Maar de vogels niet alzo. Dat doen de huisvogels niet, die worden door de mensen gevoederd en strekken ook de mensen soms tot voedsel, maar voor hun eigen voedsel zorgen zij niet, zij zaaien niet, zij maaien niet en zij verzamelen niet in hun schuren. Zij zijn geheel op de mens aangewezen. .. of op God, omdat ook de voorraad der mensen uit Gods hand komt. Dit doen zeker de rondom ons levende kleinere en grotere vogels. Zij komen neer aan uw eigen huisdeur of schuurdeur, op de plaats of op het erf of in de tuin van uw huis. Ge acht het musje of de spreeuw of het vinkje niet, die daar een korreltje graan, een kruimpje brood of een wormpje uit de grond komen trekken. En gij moogt ze in de wintertijd met zijn koude wat verzorgen, maar het vogeltje vindt zo dagelijks rond uw deur, op uw hofstede, in uw tuin, op het land zijn voedsel. En zelfs de vele, de vele vinden hun voedsel en zij vinden het van dag tot dag. En dat is niet alleen van dag tot dag zo, het is ook de ganse lange herfst en de ganse lange winter zo. Zij hebben geen voorraadschuur, zij hebben niet gehamsterd, zij hebben geen voorraad opgelegd tegen de toekomende tijd.
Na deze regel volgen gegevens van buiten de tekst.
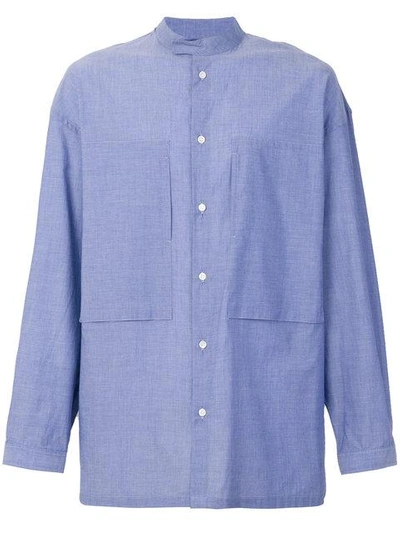 E. Tautz Lineman Shirt In Blue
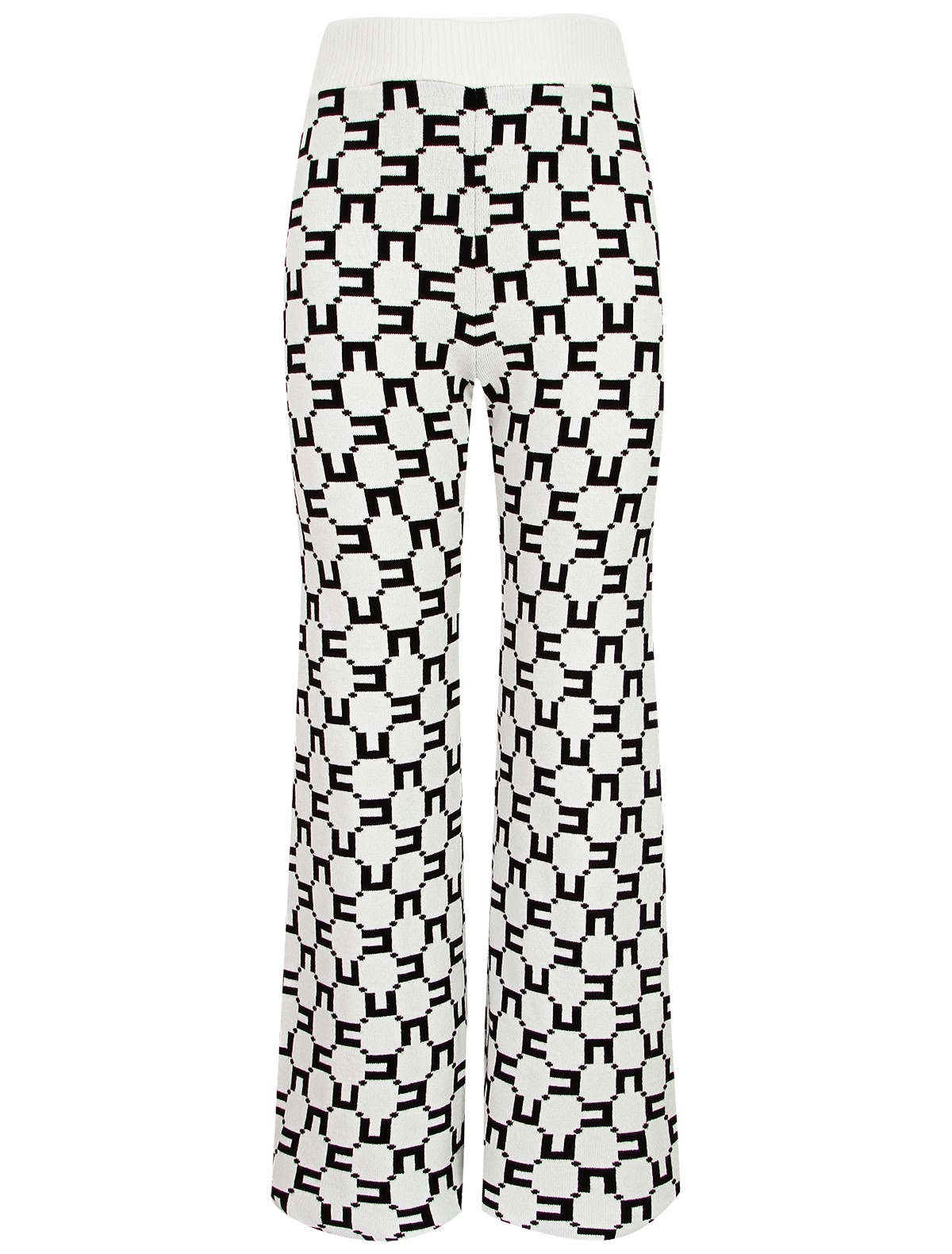 Брюки с фирменным узором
„Uw hemelse Vader voedt nochtans

dezelve!" zo zegt de Heere Jezus. Dit zegt Hij tot Zijn discipelen, tot het volk Gods. Uw hemelse Vader. Het ongeloof let op zulke onnozele dingen niet. En de zorg Gods gaat aan hun ongelovige ogen ten enenmale voorbij. Zelfs de discipelen, die toch oor en oog voor God ontvangen hebben, moeten hier nog bij bepaald worden. En het is zo'n tastbaar bewijs voor God, voor Zijn voorzienigheid, voor Zijn trouwe zorg, dat Hij dat onmetelijk vogelenheir bij zomer en winter, in het voorjaar en in de herfst onderhoudt. De grote en goede Huishouder van de ganse schepping geeft aan alle vlees zijn spijze en aller ogen wachten op God.
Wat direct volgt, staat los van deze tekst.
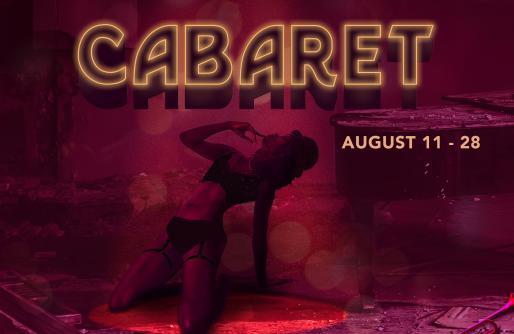 Playbill with Cabaret Performer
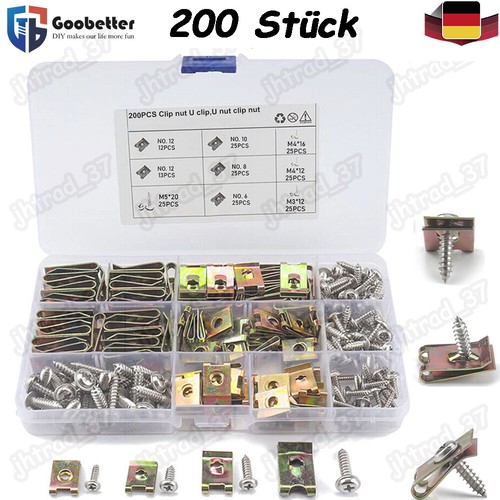 200 blechmuttern schrauben - 200, &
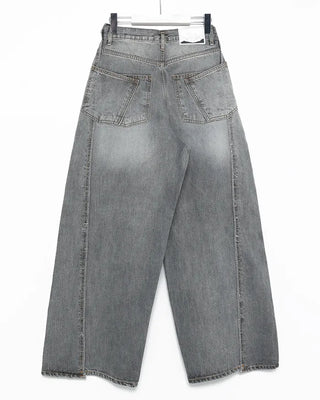 Back-unique center-seam double-pocket jeans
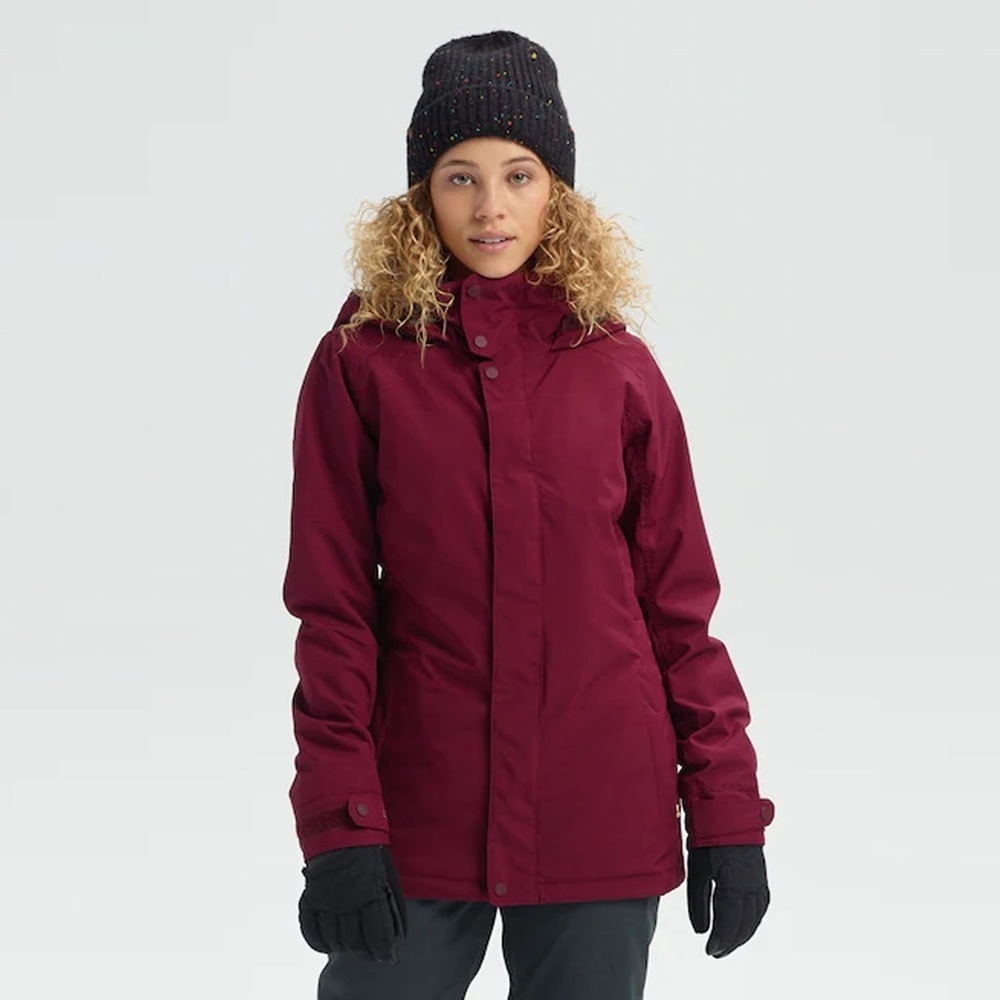 NWOT - Burton - Jet Set Jacket - Port Royal Heather (Burgundy)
Daar zijn echter kinderogen voor nodig, ogen van kinderen Gods, om Gods Vaderzorg voor de schepping te zien. En dan is er nog de onderrichting, de genadige onderrichting van Jezus voor nodig, om daarbij bepaald, om daarbij stilgezet te worden.
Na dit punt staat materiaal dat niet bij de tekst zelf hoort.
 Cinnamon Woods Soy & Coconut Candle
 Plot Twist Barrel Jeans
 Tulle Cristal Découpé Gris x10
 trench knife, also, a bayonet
Zeer groot is onze HEER', vol krachten; Onpeilbaar diep zijn Gods gedachten, Daar Zijn verstand, nooit af te meten, Ver overtreft al wat wij weten. Zachtmoedigen wil Hij bewaren. Hij houdt ze staand' in hun gevaren; Maar goddelozen doet Hij bukken. Bezwijken onder d' ongelukken.

Zingt beurtelings, en dankt de HEERE; Zingt psalmen, onze God ter ere. Die God, die, voor het oog der volken, De heem'len dekt met dikke wolken; Die d' aarde kroont met gunst en zegen; En haar besproeit met vruchtb're regen; Die 't gras, door mild' en frisse droppen, Doet groeien op de heuveltoppen.

God wil al 't vee steeds spijzen, laven; Hij hoort de stem der jonge raven. Hij heeft geen lust aan 's mensen krachten. Aan hen, die daaruit heil verwachten; De macht van 't paard en 's mans vermogen Zijn beide nietig in Zijn ogen. Aan die vertrouwen op hun benen Wil Hij geen gunst of hulp verlenen.

De zorg Gods over die de vogels te boven gaan

„Aanziet de vogelen des hemels... gaat gij ze niet zeer verre te boven? " Wij hebben hier niet slechts met mensen te doen, maar wij hebben hier te doen met mensen Gods, eens naar Gods beeld geschapen, thans naar Gods beeld hersteld, thans kinderen Gods: rfgenamen des hemels. Van de natuurlijke mens geldt wat Jerémia 8 : 7 zegt, namelijk: Zelfs een ooievaar aan de hemel weet zijn gezette tijden en een tortelduif en kraan en zwaluw nemen de tijd hunner aankomst waar; maar mijn volk weet het recht des Heeren niet." Maar Job 35 : 11 zegt „dat God ons geleerder maakt dan de beesten der aarde en dat Hij ons wijzer maakt dan het gevogelte des hemels".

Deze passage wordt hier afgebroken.